▶ TASK INPUT
╔══

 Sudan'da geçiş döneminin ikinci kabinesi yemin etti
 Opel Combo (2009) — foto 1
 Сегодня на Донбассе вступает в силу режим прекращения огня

╚══
╔══

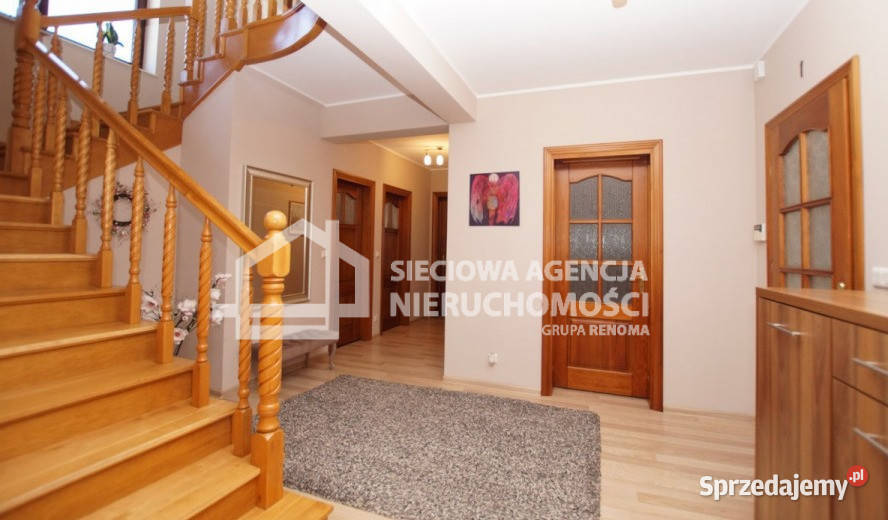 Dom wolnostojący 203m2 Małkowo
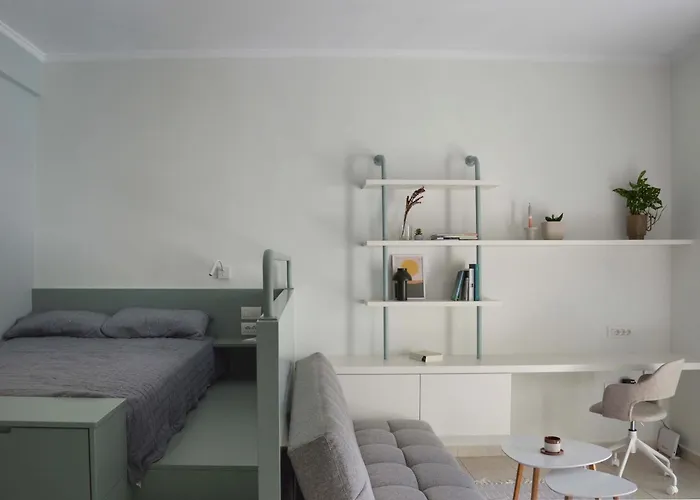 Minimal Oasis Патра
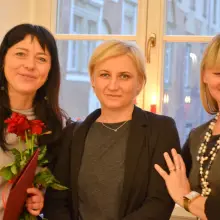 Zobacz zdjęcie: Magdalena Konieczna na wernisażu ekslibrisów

╚══

▶ PROMPT
Within the material above, find the part that opens with the line containing "Dom wolnostojący 203m2 Małkowo" and closes with the line containing "Zobacz zdjęcie: Magdalena", and reproduce it exactly without the pictures.

▶ EXPECTED ANSWER
 Dom wolnostojący 203m2 Małkowo
 Minimal Oasis Патра
 Zobacz zdjęcie: Magdalena Konieczna na wernisażu ekslibrisów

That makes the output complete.